Aujourd’hui, quelle est l’influence des médias étatique sur les citoyens ?
« Ce n’est pas très clair. Il y a des travaux théoriques qui ont été réalisés dans certains pays. Les médias n’ont pas une puissance déterminante sur la population, ni sur le pouvoir. Je crois qu’il ne faut pas exagérer le rôle et la puissance des médias. En Union Soviétique, la presse était trop forte avec Itar-Tass, Pravda et Izvestia du Parti communiste au pouvoir. La population recevait uniquement des informations officielles. Ces médias étaient très bien organisés. Soutenus par l’État, ils avaient beaucoup de moyens. Mais malgré l’existence de ces médias très forts, l’Union Soviétique s’est effondrée. Un autre exemple : lors des référendums en France et aux Pays Bas sur la Constitution de l’Union européenne qui ont eu lieu en 2005, nous avons vu que beaucoup de médias ont pris position et ont fait de la propagande pour le « oui », mais le « non » a remporté. Ni l’opposition, ni le pouvoir ne devrait compter sur les médias.

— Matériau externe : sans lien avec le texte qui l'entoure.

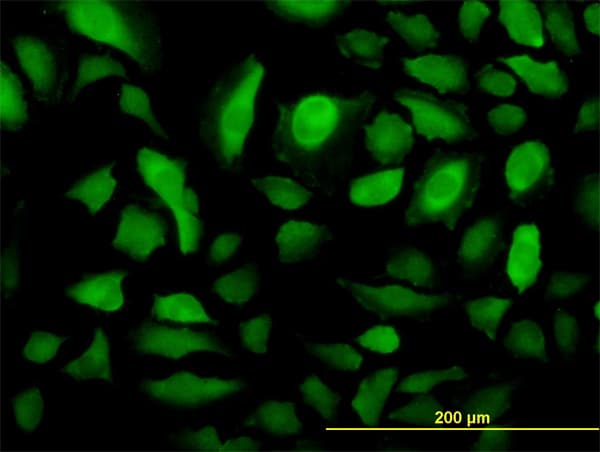 IHC-plus™ Monoclonal Mouse anti-Human RRM2 Antibody (clone 1E1, IHC, IF, WB)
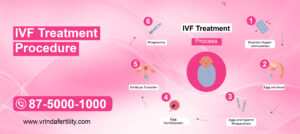 IVF Treatment procedure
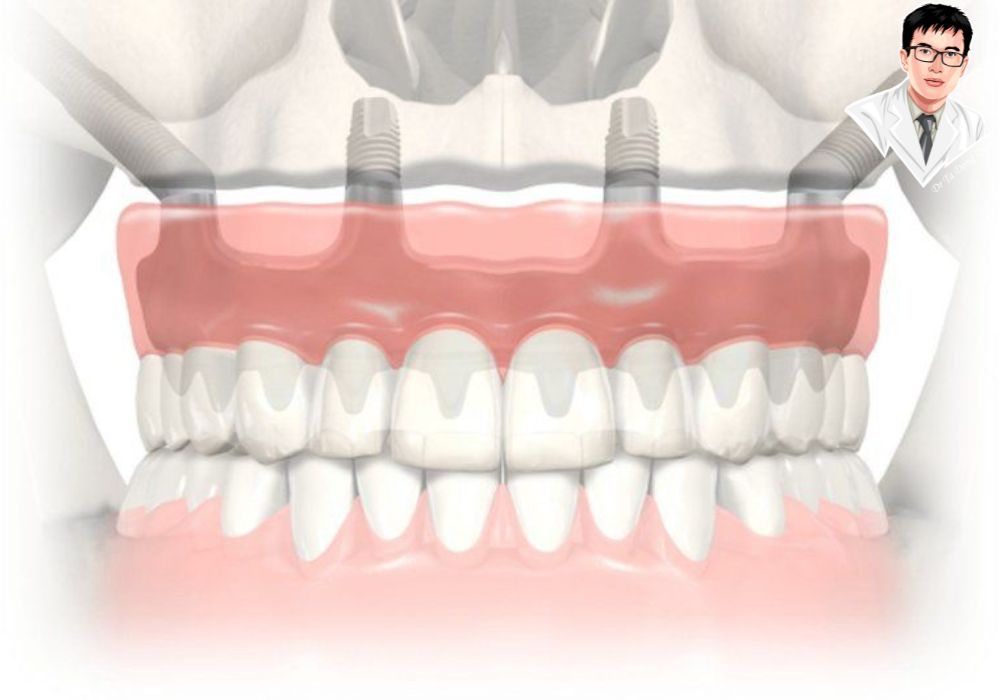 Hình minh họa sự tích hợp giữa trụ implant và xương hàm trong quá trình phục hồi sau cấy ghép toàn hàm.	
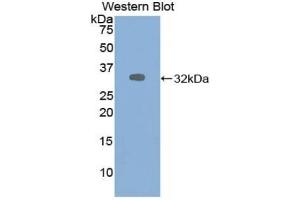 Detection of Recombinant ALDOA, Human using Polyclonal Antibody to Aldolase A, Fructose Bisphosphate (ALDOA)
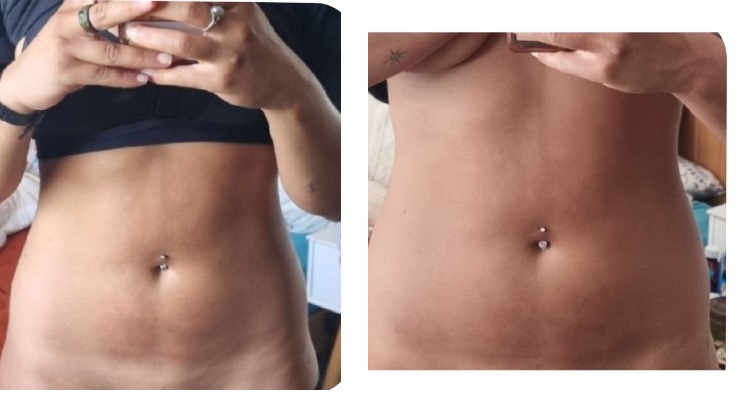 Aesthetic Treatments in Ilford | | i-lipo London gallery image 30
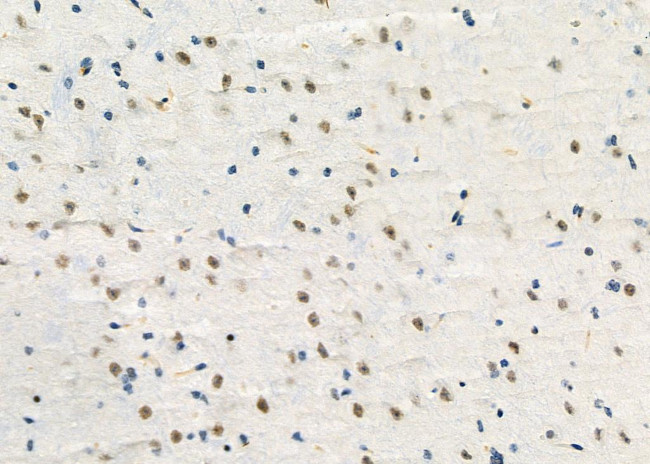 E2F3 Antibody in Immunohistochemistry (Paraffin) (IHC (P))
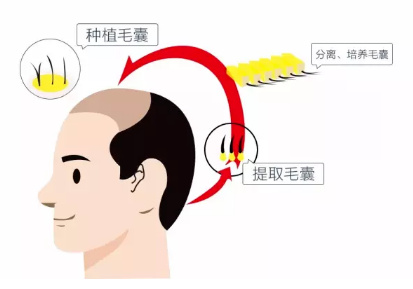 植发治疗脱发的优势到底在哪？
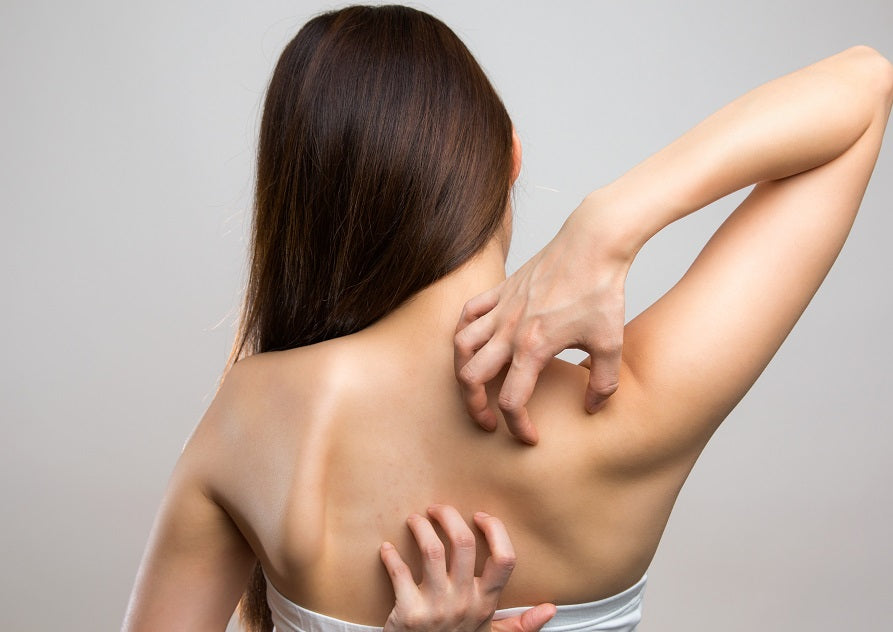 itchy back notalgia paresthetica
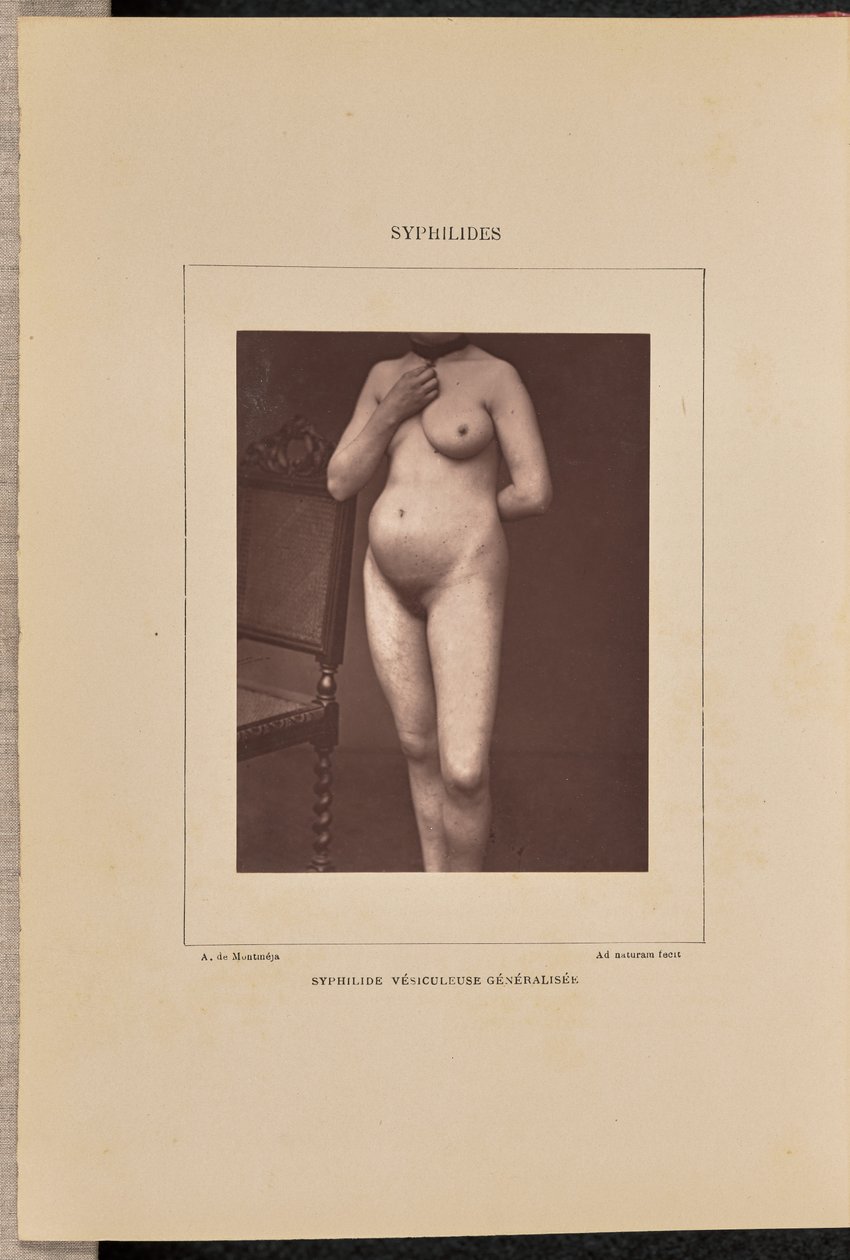 Sifilide vescicolare generalizzata da Arthur de Montmeja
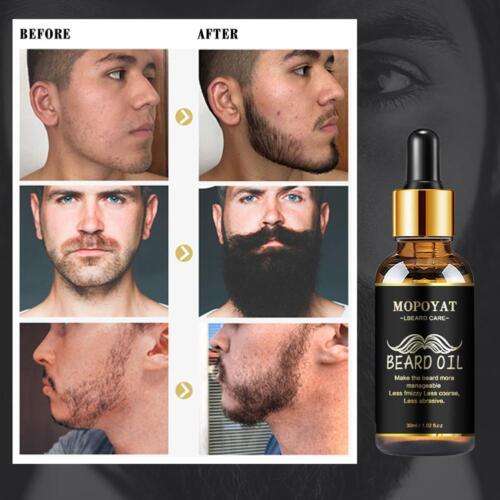 Beard Growth Essential Oil Serum: Faster, Fuller Facial Hair for Men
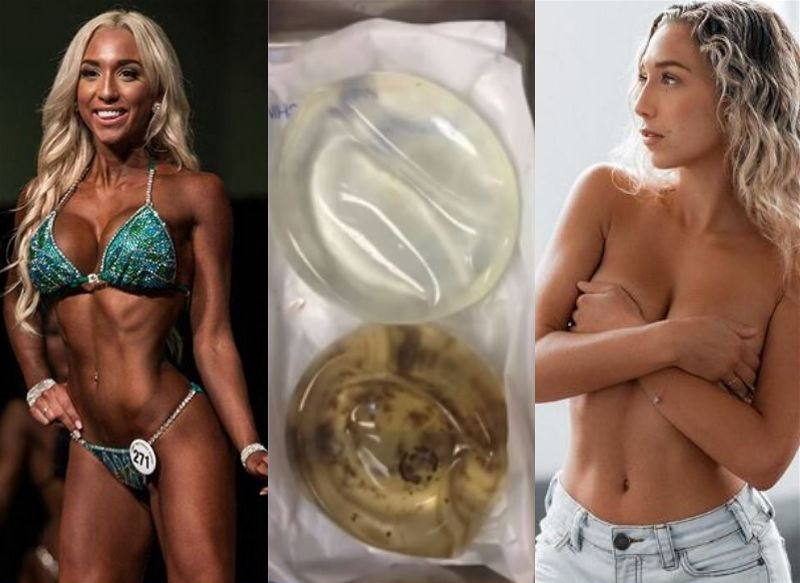 žena s prsními implantáty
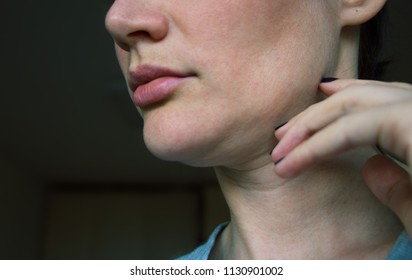 Sagging Chin Face Line Correction Stock Photo 1130901002 | Shutterstock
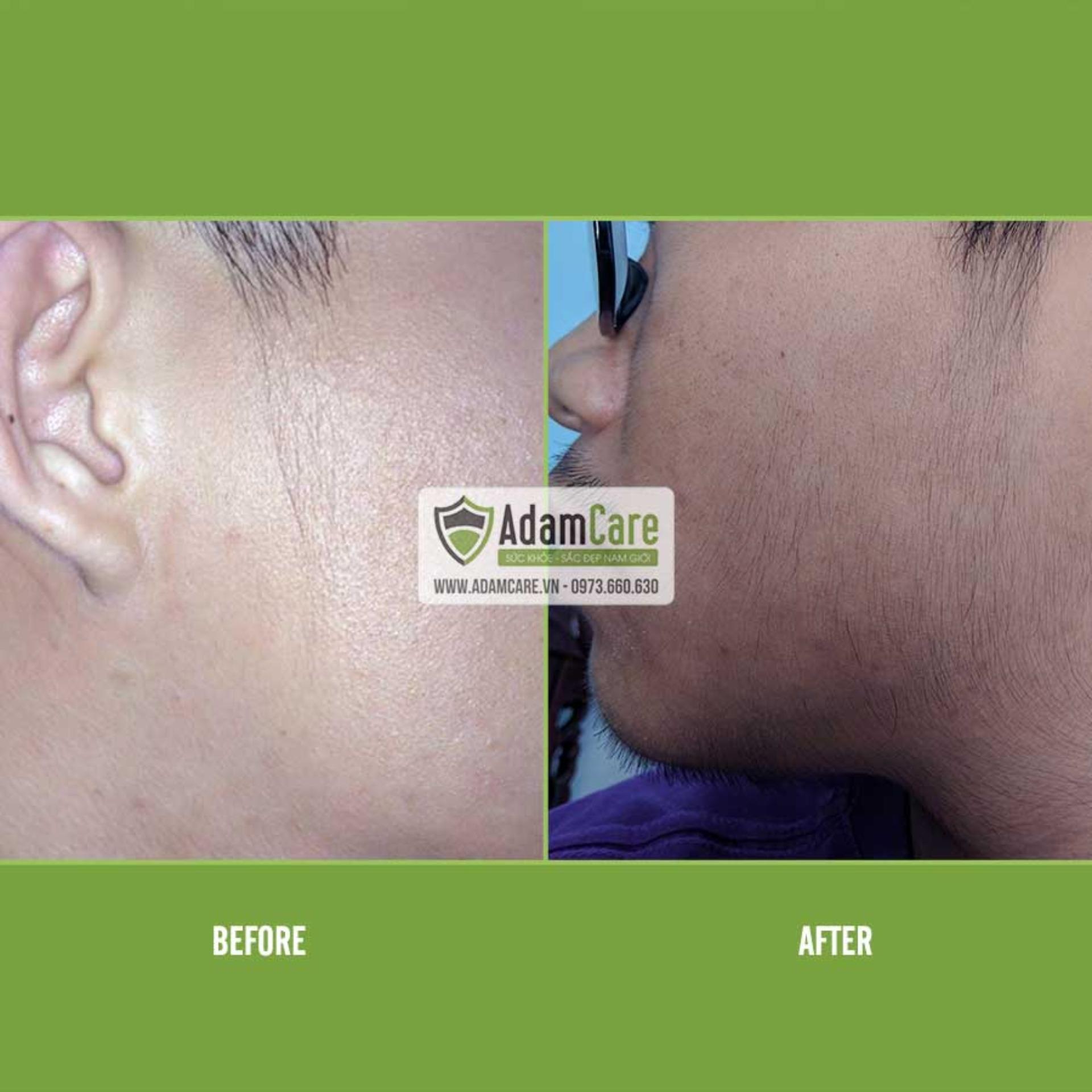 [HCM]Serum mọc râu Minoxidil 5% dạng lỏng combo 2 chai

Revenons à Erdogan qui contrôle actuellement directement ou indirectement 95% des médias. Ces médias n’ont pas d’influence sur la société. Ils peuvent par exemple dire que « la Turquie est 17e plus grande puissance du monde ». Ils ne proposent que la propagande du pouvoir. Quand le citoyen se promène dans la rue ou se trouve sur un marché, il voit une autre réalité. La livre turque a perdu beaucoup de valeur. La propagande pro-gouvernementale ne sert plus à rien. Ils ont investi des milliards de livres turques pour contrôler et diriger ces médias, mais ça ne sert à rien. »
Nous voyons aussi que le gouvernement veut resserrer l’étau autour des médias avec le fameux projet de loi sur la « désinformation ».
« A cause d’une opposition interne, notamment, ils ont dû retirer pour le moment ce projet de loi qui est aussi un aveu de leur impuissance alors que 95 % des médias turcs travaillent pour Erdogan. Eux aussi, ils voient que ces médias ne sont plus des médias dominants. Tout se passe aujourd’hui sur les réseaux sociaux. S’ils ont réussi à contrôler les médias traditionnels, il est beaucoup plus difficile de contrôler les réseaux sociaux. C’est pourquoi ils ont rédigé un nouveau projet de loi très dangereux. Pour moi, l’objectif principal de ce projet, c’est de faire taire les réseaux sociaux qui sont les seuls moyens pour les hommes et les femmes de la rue ou pour l’opposition de s’exprimer. Dans le projet de loi, il y a un paragraphe qui mentionne « l’intention de détruire l’intégrité territoriale ». Supposons qu’une personne ait partagé une information comme « le prix de l’essence a augmenté de 200 % au cours des deux derniers mois », c’est concret. Mais avec ce projet, si un procureur décide que l’auteur de message a l’intention de détruire l’intégrité territoriale, il sera emprisonné. On ne peut pas lire les intentions. C’est du fascisme. »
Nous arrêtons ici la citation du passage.